Kansas House speaker warns lawmakers about budget takeover

Kansas House Speaker Dan Hawkins warned the transition to take control of the budget-writing process could be rocky.

By

State News

October 3, 2024 - 2:41 PM

Rep. Henry Helgerson, D-Eastborough, and House Speaker Dan Hawkins, R-Wichita, talk during a special committee meeting on budget process and development on Oct. 2, 2024. Photo by Sherman Smith/Kansas Reflector

TOPEKA — Lawmakers’ plans to take control of the state’s budget-writing process could be rocky upon rollout, Republican leadership warned Wednesday as outside groups weighed in.

The new approach positions the Legislature as the state’s chief budget authority and, if successful, would mean a budget is proposed as a bill on the first day of the 2025 session. The spending recommendations that Democratic Gov. Laura Kelly proposes in the first week of the session, which are typically lawmakers’ first glimpse at the budget, would become merely supplemental.

The special committee tasked with sorting out the details of the budget takeover, formed by House Speaker Dan Hawkins, R-Wichita, and Senate President Ty Masterson, R-Andover, held its second meeting Wednesday. Three organizations provided testimony and recommendations.

Ultimately, such an overhaul isn’t going to go perfectly in its first year, Hawkins said at the meeting.

“It’s gonna be probably a little rocky, but we’re gonna get through it, and we’re gonna learn,” Hawkins said. “And we’re going to become better at this process every single year.”

Leah Fliter, executive assistant director of advocacy for Kansas Association of School Boards, urged the committee to consider creating a “clean K-12 budget” instead of packaging it alongside non-budget policies. She also recommended passing the school funding bill before the midway point in the legislative session to avoid the addition of last-minute earmarks and late-night negotiations, she wrote in testimony to the committee.

Lawmakers in recent years have tied school funding to open enrollment and attempts to create a voucher program for private schools.

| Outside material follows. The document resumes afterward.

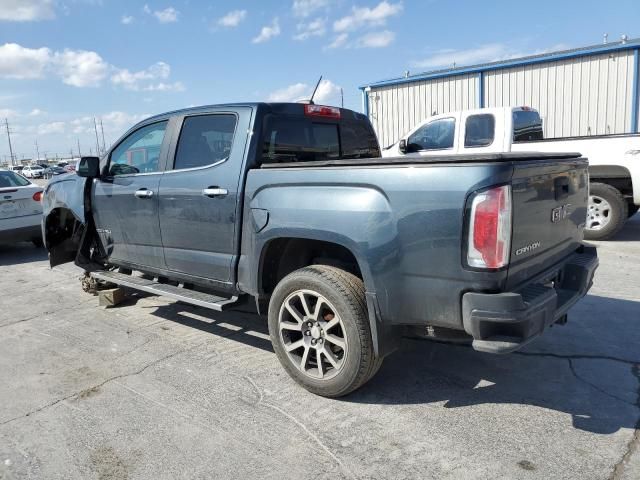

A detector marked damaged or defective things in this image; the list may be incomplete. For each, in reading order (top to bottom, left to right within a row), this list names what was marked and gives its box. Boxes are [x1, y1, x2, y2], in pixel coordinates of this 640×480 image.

The approach “resulted in legislators reluctantly voting for education funding bills that also include policy measures which harm their local school boards’ ability to support success for all Kansas students,” Fliter said.

Vance Ginn, a senior fellow at Kansas Policy Institute, offered a shortlist of six recommendations, which included reducing the state’s dependency on federal funds, imposing stronger spending limits and conducting regular third-party efficiency audits.

Kurt Couchman with Americans for Prosperity encouraged the committee to consider a comprehensive budget, in which all spending and revenues would be contained. That would allow lawmakers to make relative value judgements on different programs, he said.

“It also would help provide more political cover to do the tough but necessary things,” Couchman said, including “pension reform.”

Rep. Henry Helgerson, D-Eastborough, questioned the goals of the special committee and whether it was truly without partisan motivations. 

“The budget process should not be a partisan effort by one side or the other,” he told Kansas Reflector. “It should be based on good public policy.”

Following the committee meeting, Helgerson said he’s interested in marrying the governor’s customary budget approach with the new legislative experiment while working toward limiting government growth and returning funds to Kansans. Citizens in his Sedgwick County district are struggling with the costs of gasoline, food and property taxes, according to a recent survey he conducted of his constituents. 

“Too many people are out there hurting,” he said.